[PyTorch] Python DType enum by vthumbe1503 · Pull Request #3039 · NVIDIA/TransformerEngine

vthumbe1503 · 2026-05-22T22:00:59Z

Description

Replace the pybind tex.DType with a canonical Python DType IntEnum throughout transformer_engine.pytorch. CPP still sees the transformer_engine::DType(C++ def for tex.DType) and so pybind caster is defined to make sure Python DType is mapped CPP Dtype correctly.

Motivation

CPU overheads: tex.DType is a pybind enum, so every access/compare/convert in Python crosses into C-extension code.
torch.compile: tex.DType won't work with torch.compile — TorchDynamo doesn't understand pybind enums, so it graph-breaks (or fails to trace) when one flows through a compiled region.
Checkpointing: tex.DType lives in tensor/quantizer state and lands in checkpoints; pickling a pybind enum is fragile and awkward to allow-list vs. a stdlib python enum.

Fixes # (issue)

Type of change

Documentation change (change only to the documentation, either a fix or a new content)
Bug fix (non-breaking change which fixes an issue)
New feature (non-breaking change which adds functionality)
Breaking change (fix or feature that would cause existing functionality to not work as expected)
Infra/Build change
Code refactoring

Changes

Please list the changes introduced in this PR:

Canonical DType: Add a pure-Python DType(IntEnum) in constants.py as the single source of truth.
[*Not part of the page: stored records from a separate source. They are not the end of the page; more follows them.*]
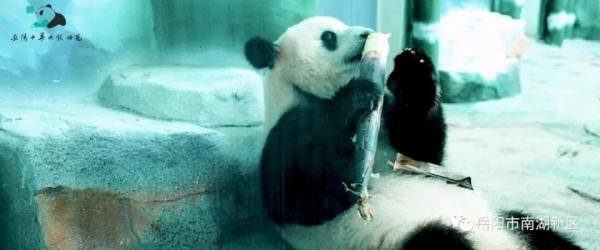 独享冰蛋糕！大熊猫“愿愿”在湖南岳阳开3岁生日派对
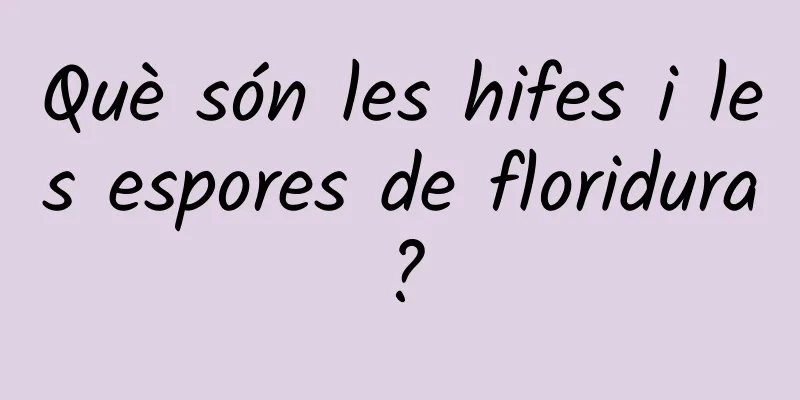 Què són les hifes i les espores de floridura?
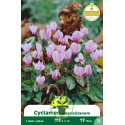 Cyclamen de Naples – Bulbe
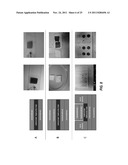 Self-Assembled Surfactant Structures diagram and image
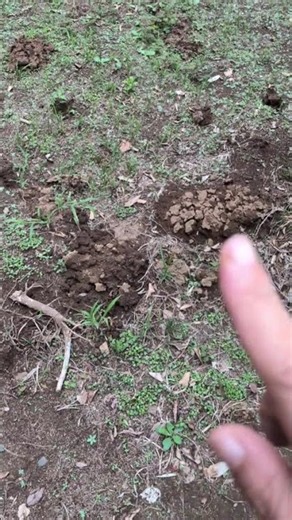 【モグラの巣】親子だと思われる大小のモグラの巣がたくさん！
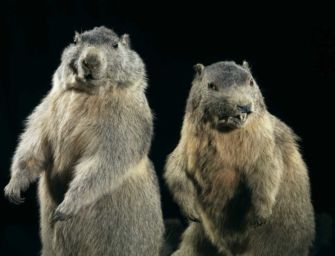 Al Palazzo dei Musei di Reggio le ‘Storie di animali strani’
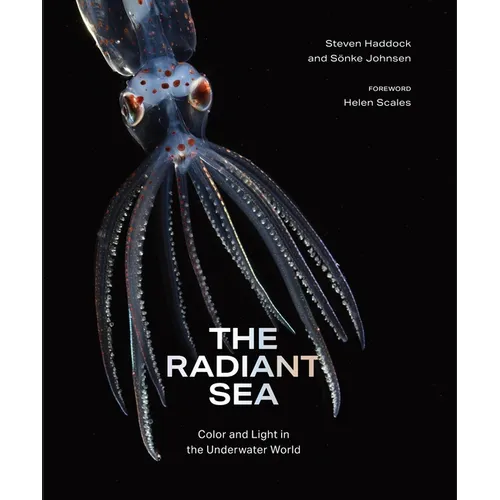 The Radiant Sea: Color and Light in the Underwater World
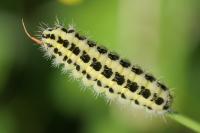 Zygaena trifolii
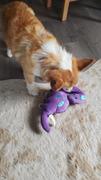 The Rover Store Hide n' Seek Plush Dinosaur Treat Dispensing Dog Toy Review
Its members are defined from the C++ enum values, and an import-time assert verifies it stays in sync with the pybinded enum tex.DType
Migration: Repoint TE_DType maps and move pytorch modules, examples, benchmarks, and tests off raw tex.DType onto constants.DType.
Backward compatibility: Add DTypeSupported = Union[DType, tex.DType]; tex.DType is still accepted at Quantizer/QuantizedTensor constructor boundaries and stays allow-listed for loading old checkpoints.
Python → C++: Register a type_caster for transformer_engine::DType in Pytorch extensions so that all our pybind registered functions see them. This enables us to pass int/pythonDType values into tex functions from python and enables pybind to convert it to transformer_engine::DType accepted by tex C++ API interface
C++ → Python: Add cached MakePythonDType (csrc/common.*) and use it at quantizer/quantizedtensor construction.

Checklist:

I have read and followed the contributing guidelines
The functionality is complete
I have commented my code, particularly in hard-to-understand areas
I have made corresponding changes to the documentation
My changes generate no new warnings
I have added tests that prove my fix is effective or that my feature works
New and existing unit tests pass locally with my changes

Signed-off-by: Varun Thumbe <vthumbe@nvidia.com>

for more information, see https://pre-commit.ci

vthumbe1503 · 2026-05-27T17:31:33Z

+  // when this runs, so the GIL is held and Python imports are legal.
+  static pybind11::object te_dtype_cls =
+      pybind11::module_::import("transformer_engine.pytorch.constants").attr("TE_DType");
+  return te_dtype_cls(static_cast<int>(dtype));


Find a way to bind C++ and python Dtype through pybind cast mechanism

This is done for Python. -> C++

For C++ to Python. --> Cant avoid this.

vthumbe1503 · 2026-05-27T17:35:31Z

-            # pybind11 enum used as Quantizer.dtype
-            tex.DType,
+            # Python IntEnum used as Quantizer.dtype
+            TE_DType,


save/load backward compatibilty should be there

Signed-off-by: Varun Thumbe <vthumbe@nvidia.com>

for more information, see https://pre-commit.ci

Signed-off-by: Varun Thumbe <vthumbe@nvidia.com>

…nto te_dtype

Signed-off-by: Varun Thumbe <vthumbe@nvidia.com>

for more information, see https://pre-commit.ci

Signed-off-by: Varun Thumbe <vthumbe@nvidia.com>

for more information, see https://pre-commit.ci

Signed-off-by: Varun Thumbe <vthumbe@nvidia.com>

for more information, see https://pre-commit.ci

vthumbe1503 · 2026-06-01T08:33:11Z

/te-ci

greptile-apps · 2026-06-01T08:40:27Z

Greptile Summary

This PR replaces the pybind11 tex.DType enum with a canonical Python DType(IntEnum) throughout transformer_engine.pytorch, addressing CPU overhead from cross-extension calls, torch.compile incompatibility, and fragile pickling. The core change introduces DType in constants.py, a custom pybind type-caster (pybind_dtype_caster.h) for transparent Python→C++ conversion, and MakePythonDType for the C++→Python path.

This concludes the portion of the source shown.